In 2006, after trying for three years to get pregnant, my wife Kate and I were referred to an IVF clinic. As part of the initial process we underwent genetic counselling. The results showed that Kate had a genetic translocation (this is where part of 1 chromosome swaps places with part of another chromosome). As a result we were told that the chances of us getting pregnant were less than 0.2 per cent and the chances of a successful pregnancy were zero.
Regardless we decided that we would still give IVF a try and in 2007 we began our first cycle.
As you can well imagine we were overjoyed when we were told that we were pregnant on our very first try. Despite the fact that we had originally decided not to tell anyone until at least 12 weeks into the pregnancy, our excitement got the better of us and we were unable to restrain ourselves from telling all of our family and friends.

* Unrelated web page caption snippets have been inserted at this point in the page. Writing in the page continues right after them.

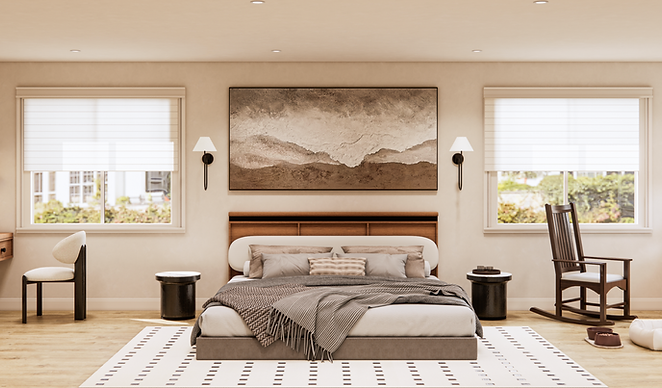 Screenshot 2025-06-04 at 10.19.48 AM.png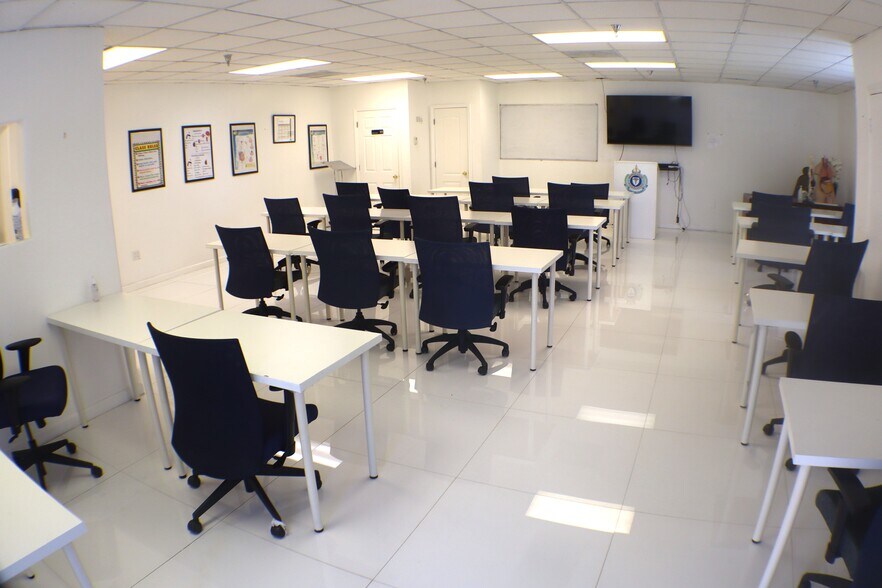 More Photos Of 2800 N State Road 7, Margate Medical For Sale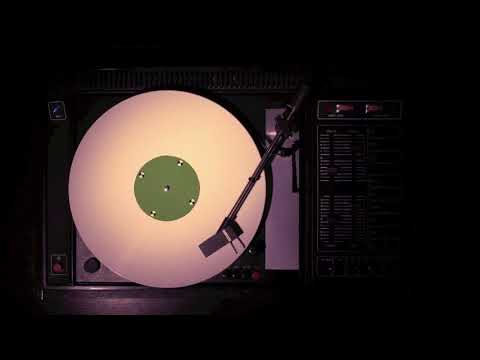 JJ Mullor & Gill & Craig- Sirimiri ( Berlin Techno Summer 2018 )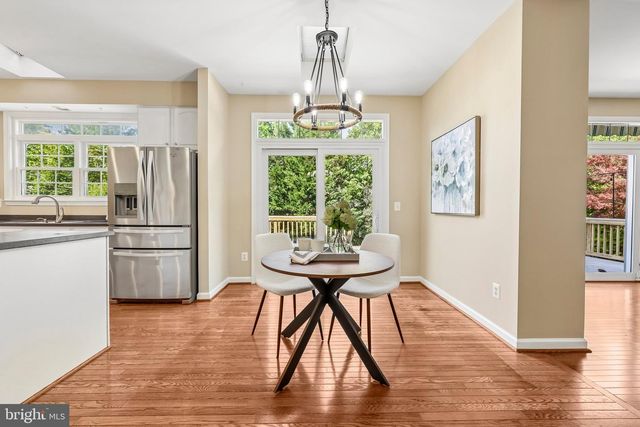 20547 COURIER RIDGE PL, Ashburn, VA 20147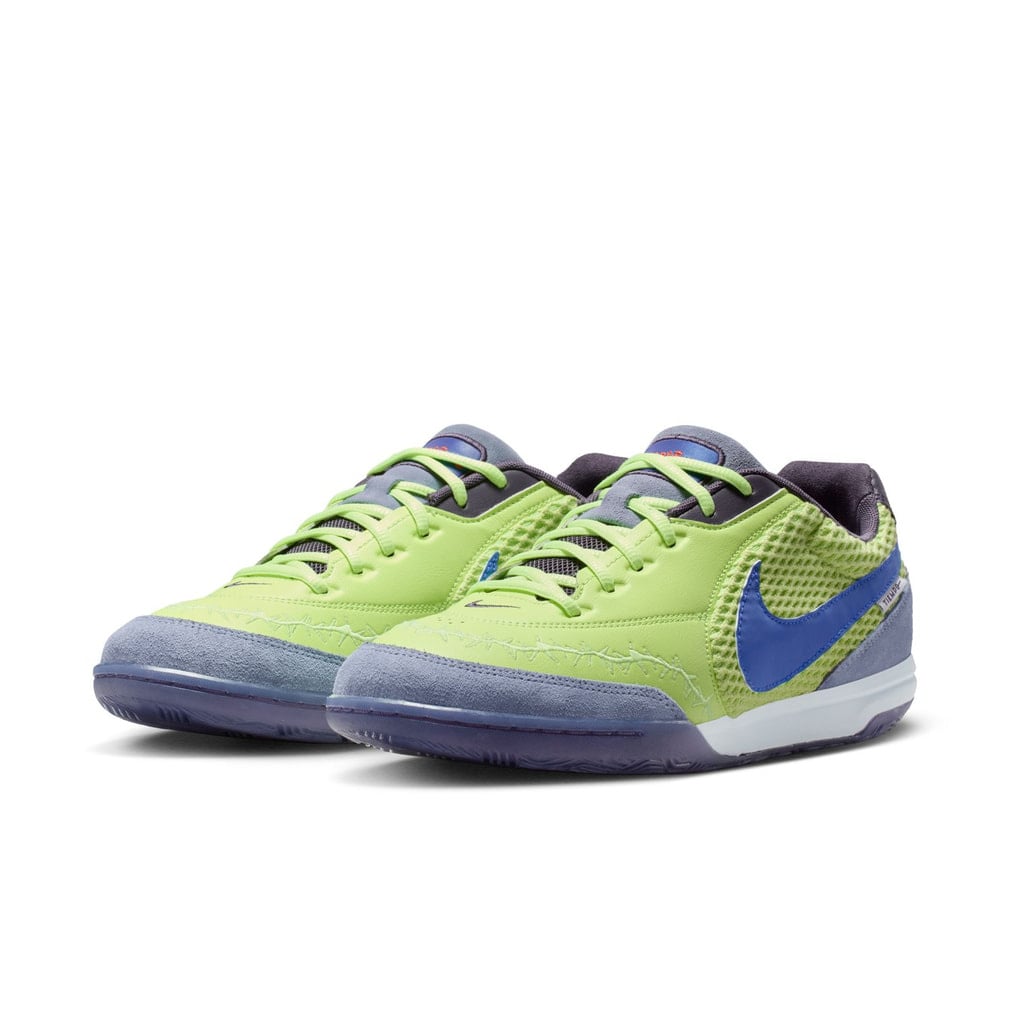 ナイキ TIEMPO STREETGATO ティエンポ ストリートガト FTBL LAM APL
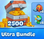 Ultra Bundle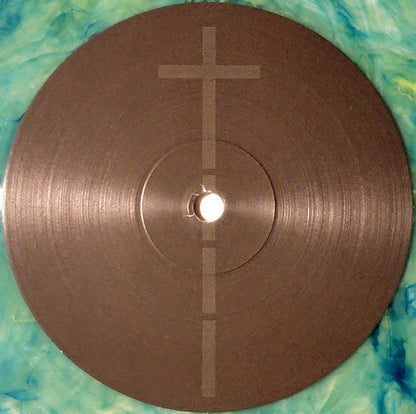 Knocked Loose - You Won't Go Before You're Supposed To (VINYL) | Mint (M) Mint (M)-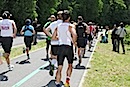 titul130_levoca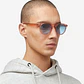 Lentes de Sol Hawkers Bel Air BELTR04 - Miniatura 10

They were 12 very exciting and happy weeks, but all of that was about to come to an end. In May 2007 we went for our first ultrasound scan. We were very excited and couldn’t wait to get a glimpse of our first baby. As we waited nervously we had no inkling of how our lives were about to be dramatically changed.
As Kate lay on the bed in her hospital gown, we held hands with each other and I hugged her close. We were excited, nervous and anxious all at the same time and I remember saying to her, “here we go, we’re about to see the little boy or girl we’ve wanted for so long". The probe was applied and suddenly there was our baby on the screen. We both started to cry with tears of joy.